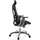 HJH Office Genidia Pro Stoff Schwarz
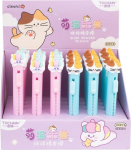 V&auml;ljat&otilde;mmatav kustutuskumm kassiga, 30 tk.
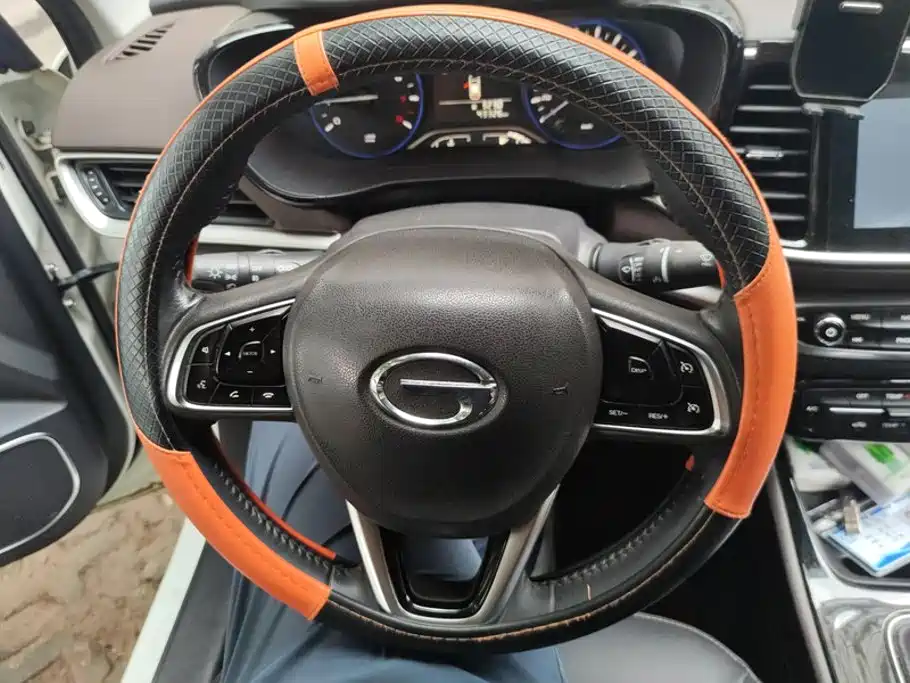 GAC Motor Trumpchi GA4 — миниатюра 15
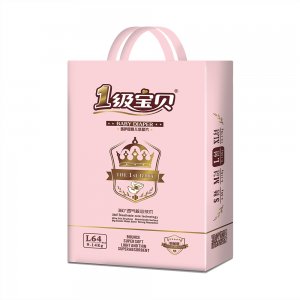铂金版纸尿片L可OEM/ODM代工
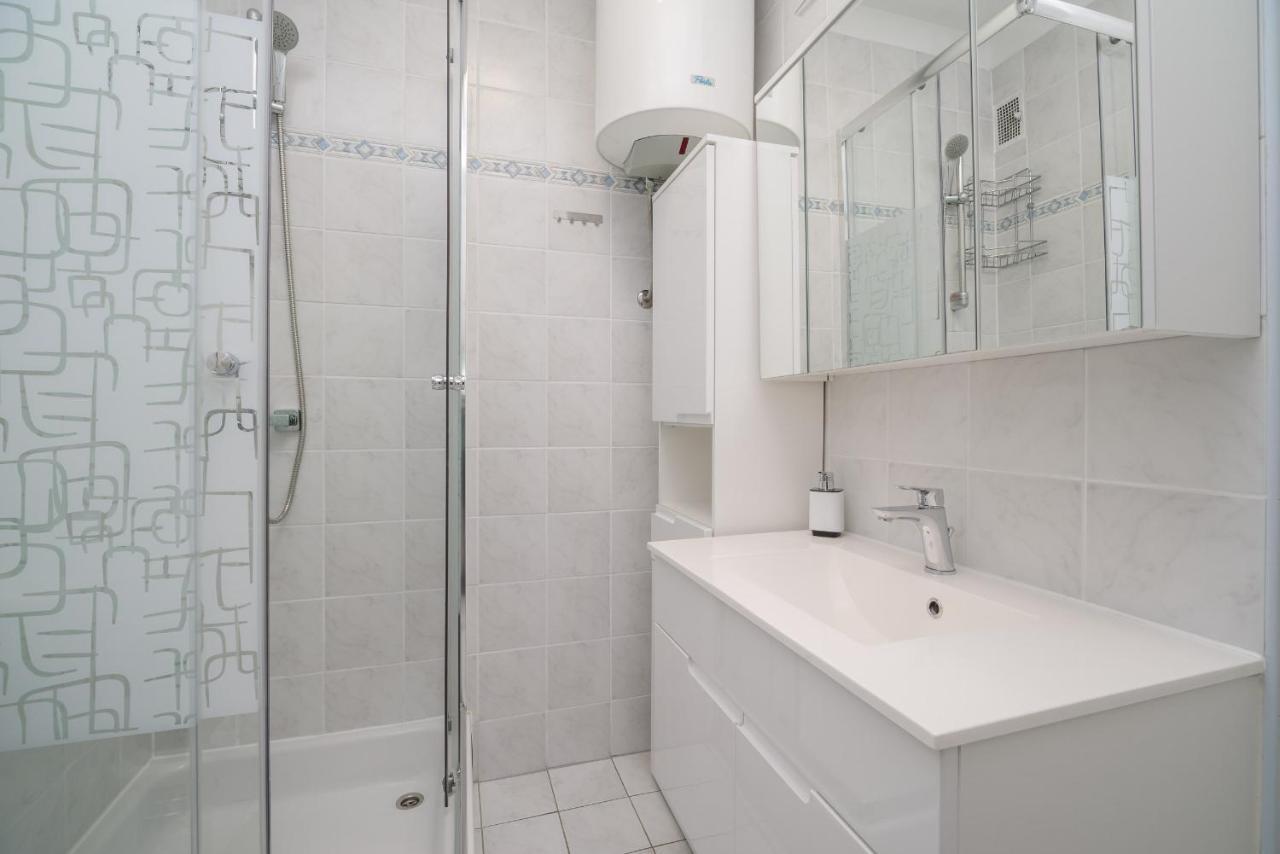 Apartment Beta Цриквениця Екстер'єр фото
▬▬▬▬▬▬▬▬▬▬
▶ **WHAT YOU SHOULD DO**: Starting at the line that contains "铂金版纸尿片L可OEM/ODM代工", please write out every line to the end of the entries, inclusive, copied exactly and with pictures omitted.

▶ **EXERCISE RESULT**:
铂金版纸尿片L可OEM/ODM代工
 Apartment Beta Цриквениця Екстер'єр фото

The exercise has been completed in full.